Laut und klar sollen sie gesungen haben. Dann liefen die Löwen in die Arena, griffen an und brachen sie zum Schweigen. So geht die Legende von den ersten Christen in Rom. Staunend wird berichtet, wie die Verfolgten ihrem Glauben treu blieben bis zum letzten Atemzug. Dass diese Legende nicht vergangen ist, zeigen Berichte von Christenverfolgungen bis zum heutigen Tag. Das Singen christlicher Lieder wird in manchen Ländern der Erde immer noch mit Gefängnis bestraft. Doch selbst dort hört das Singen nicht auf….
Lieder können „einfach so“ im Hintergrund laufen, um Stille zu vertreiben und eine angenehme Gefühlslage herzustellen.
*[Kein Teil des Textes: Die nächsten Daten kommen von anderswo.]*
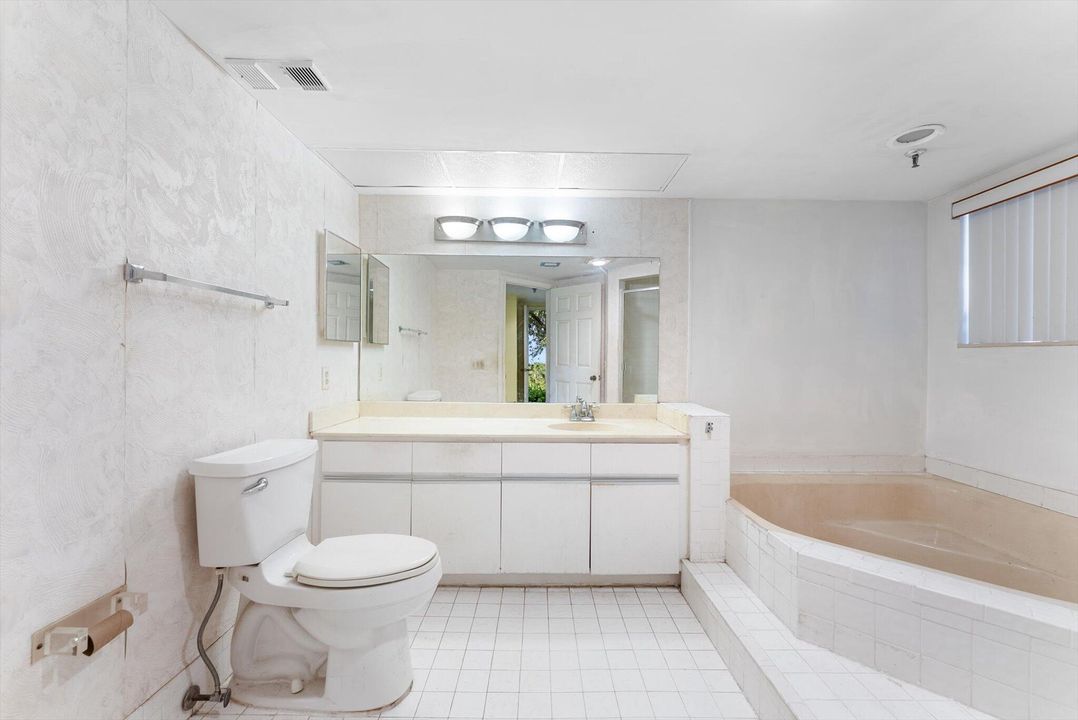 Под контрактом: $299,000 (3 спален, 2 ванн, 1742 Квадратных фут)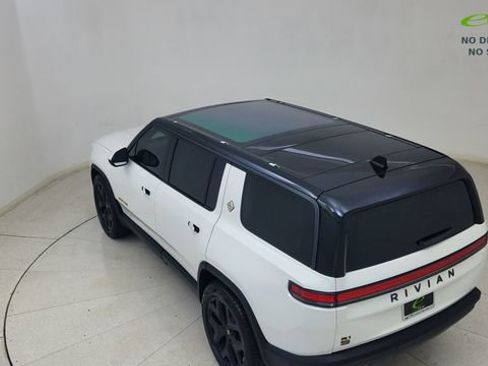Used 2025 Rivian R1S Premium AWD/4WD image 85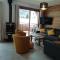 Chalet Rivendell, Morzine sleeps 10 with garage - 莫尔济讷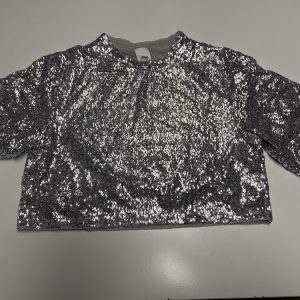 GRIJZE CROPTOP MET GLITTER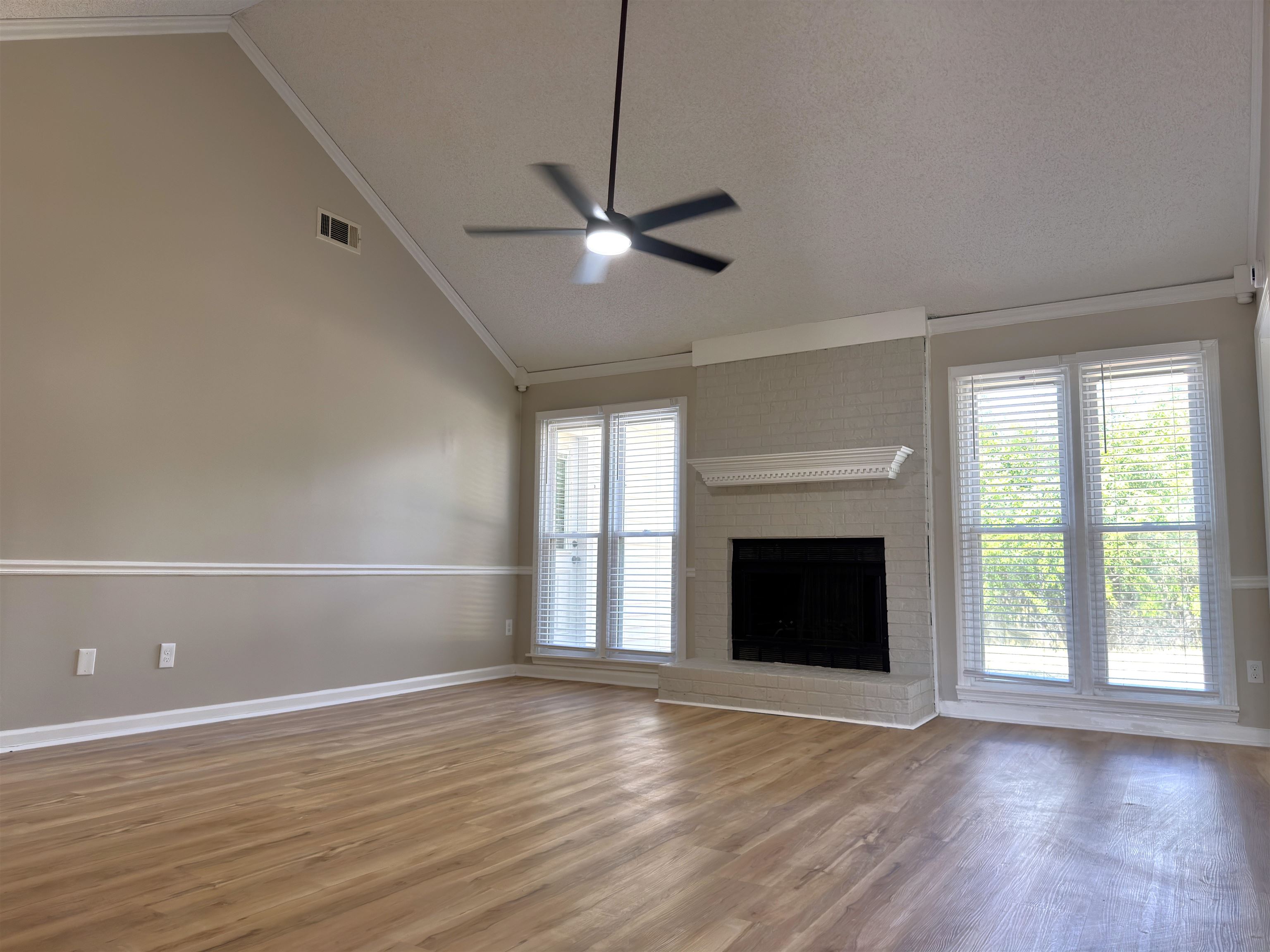927 Cully Rd Property Photo 4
Doch waren sie immer schon unendlich viel mehr als nur Mittel zum Zweck. Traurig oder fröhlich, poetisch ergreifend oder energetisch aufgeladen: ihrer Stimmung sind fast keine Grenzen gesetzt. Lieder sind Helfer gegen die Angst. Sie geben Trost in dunklen Stunden. Sie bieten überströmender Freude ein Gefäß. Indem sie der Welt vom Glück erzählen, tauchen sie sie in schönes Licht. Über Grenzen hinweg verbinden sie Menschen zu einer Gemeinschaft. Große Ideen und tiefe Überzeugungen finden in ihnen Ausdruck. Lieder sind der Königswege des Gotteslobes.
Deshalb ruft eine Stimme morgen in die Welt: „Singet dem Herrn ein neues Lied, denn er tut Wunder!“ (Psalm 98,1). Dieser Sonntag heißt „Kantate“, das bedeutet „Singet“. Den Namen trägt er schon lange, doch in diesem Jahr lenkt er die Aufmerksamkeit ganz besonders auf den Gesang. Über Wochen waren die regulären Gottesdienste ausgesetzt aufgrund der Corona-Pandemie. Nun werden sie vielerorts wieder aufgenommen. Die geltenden Gesundheitsregeln werden beachtet und das schließt ein, auf das Singen von Liedern zu verzichten.
Für erfahrene Gottesdienstbesucher mutet es seltsam an. Es irritiert wohl auch jene, die das Singen über das Zuhören schätzen. Der Verzicht bedeutet höchste Rücksicht und macht deutlich, dass es jetzt nicht so ist vor der Krise. Vielleicht lässt das Fehlen auch erleben, worum es beim Singen eigentlich geht und warum der Gesang dem Glauben eingeschrieben ist seit alters her. Bis das Singen in der Gemeinschaft wieder möglich ist, ist jeder für sich frei, sein eigenes Lied zu singen. Am Sonntag Kantate könnten Klage und Dank mitklingen, bis heute mehr oder weniger heil durch die zurückliegende Zeit gekommen zu sein.